I ended up using a single bend radius for all bend angle for each sheet thickness/material.

I played with using K=0.29 past 165 deg and K=0.33 for all other cases, but hems are still a different animal. Just use K=0.33 can call it done.

Attached is my gage table. There are so many entries, this slows down my sheet metal work.


Worst yet, it takes forever to open the menu where the gage is changed. This is about the only downside to the gage table. Only being agle to open this from each part's file also makes changed the gage of an entire model slow.


Some models, I remove the gage reference to speed things up. However in one recent case where I did this, the gage listing no longer shows up in the Parts list. So I heave learned to only turn off the gage table association with parts that already have a drawing and don't change.


If you remove the gage reference, it can be turned back on again.



Notes about gage table:

In general, up to 12Ga I use R=0.11, for thicker I use R=0.25. In my case those number are only good if the part is 4' or longer in the machine. The smaller parts come out with a smaller R in reality. Because the R is a variable and a guess, I have considered using odd ball R to achieve less digits in the the difference between the back gage and the finished leg.

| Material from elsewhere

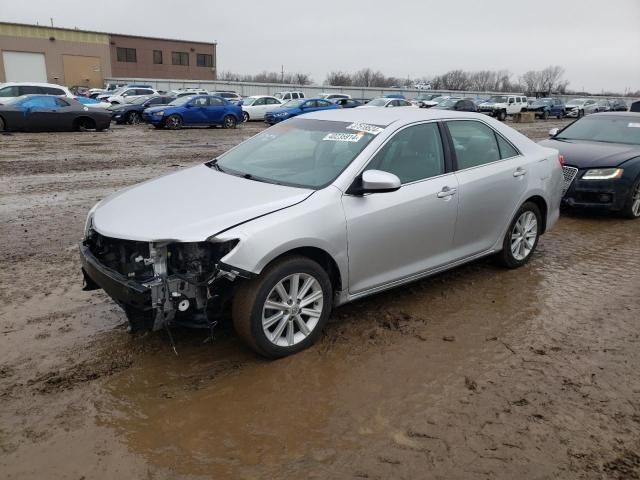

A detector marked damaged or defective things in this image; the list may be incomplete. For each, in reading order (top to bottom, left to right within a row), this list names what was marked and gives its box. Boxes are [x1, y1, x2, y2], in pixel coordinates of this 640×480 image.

damaged silver sedan [79, 108, 560, 356]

Bend radius is a very important number that is specific to the tool(s) you use, and the materials you use. Grain direction, spring back, any many other factors come into play.

Re: Change flange radius.

We also work predominantly in sheet metal though we do gauges slightly different to @12GAGE 


We just save the thicknesses together with the associated bend radius and netural factor (just left at 0.33) directly into the material file rather than a separte Excel. It a bit less complex which is fine for what we're doing and a lot quicker and simpler.


You can do this just through the material table dialog.

Re: Change flange radius.

@Alex_H, yes, that is what I meant in my post as well.

Bruce Shand
ST9 MP8 - Insight - Win10 - K4200

Re: Change flange radius.

Does it interpolate between angle values? Say I bent a 3mm plate to 40°, does it use the gauge table numbers to estimate what the neutral factor is, or does it just refer to the default?

Shane Murray

Re: Change flange radius.

[ Edited ]

That's what the various entries of the gage table are for. For each grouping (line listing in table) of angles, you can specify the K factor.


The typical assumption is all bends use K = 0.33 (1/3 is in compression, 2/3 in tension)

Commonly accepted as one step better is to use k=0.33 until you pass a 165 deg bend (like a hem, then k=0.29 is considered a better approximation for most tools. Very small change in the pig picture.


past that, one has to get very specific about the tool (Break, folder, panel bender, etc...) to get more accurate.


In my case (A folder), the reality is that each bend closer to a spiral than a constant radius but I use a constant radius to approximate the result. The inconsistencies of grain direction and thickness start to effect the results more than the assumption for K as they affect the flat patterns.


The other thing one needs to consider w/ sheet metal is spring back, specially with stainless (up to 7 deg spring back). That is the responsibility of the machine operator to know how much overbend to apply, but the design must allow for the overbending to happen. Sometimes this required extra modeling steps.